Una funzione poco appariscente ma concreta sta per scomparire da Microsoft Edge. Microsoft ha deciso di eliminare le Raccolte, lo strumento pensato per organizzare link, articoli, immagini e note all’interno del browser. La notizia è emersa attraverso un avviso comparso negli ultimi giorni, che conferma l’impossibilità di aggiungere nuovi elementi e invita a salvare i dati prima del ritiro definitivo.
Le Raccolte non hanno mai occupato il centro della scena, ma per molti utenti rappresentavano un modo pratico per tenere ordine nel flusso quotidiano di contenuti. Proprio per questo la scelta di mandarle in pensione sta generando perplessità, soprattutto per le modalità previste per il recupero delle informazioni accumulate nel tempo.

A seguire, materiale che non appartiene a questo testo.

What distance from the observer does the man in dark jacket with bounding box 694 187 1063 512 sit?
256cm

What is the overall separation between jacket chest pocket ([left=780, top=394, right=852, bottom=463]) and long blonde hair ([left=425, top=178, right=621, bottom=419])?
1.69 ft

Esportazione o Preferiti, ma nessuna soluzione ideale
Microsoft propone due strade: trasferire le pagine nei Preferiti oppure esportare tutto tramite file CSV. Nessuna delle due risolve davvero il problema. Il passaggio ai Preferiti comporta la perdita di note e immagini, riducendo le Raccolte a semplici elenchi di link. L’esportazione, invece, conserva i contenuti ma li porta fuori da Edge, rendendo l’operazione poco pratica per chi desiderava continuare a lavorare all’interno del browser.
Il risultato è che chi aveva costruito nel tempo Raccolte ben organizzate si trova costretto a smontare il proprio archivio e a riorganizzarlo altrove, senza un’alternativa equivalente integrata.
Una scelta coerente con la nuova direzione di Edge
Da mesi circolavano voci su un possibile addio. L’interesse verso le Raccolte era già diminuito dopo il passaggio a una versione più web-based, giudicata meno comoda rispetto all’implementazione originale. Il taglio si inserisce in una strategia più ampia: rendere Edge più snello e sempre più centrato su Copilot. Le funzioni che non rientrano in questa visione sembrano destinate a uscire di scena.
Per chi segue Edge fin dagli inizi, la sensazione è di trovarsi davanti a uno schema già visto: funzionalità utili lasciate maturare a metà e poi rimosse senza un vero piano B. In questo caso, il fastidio è amplificato dal valore dei dati personali raccolti nel tempo.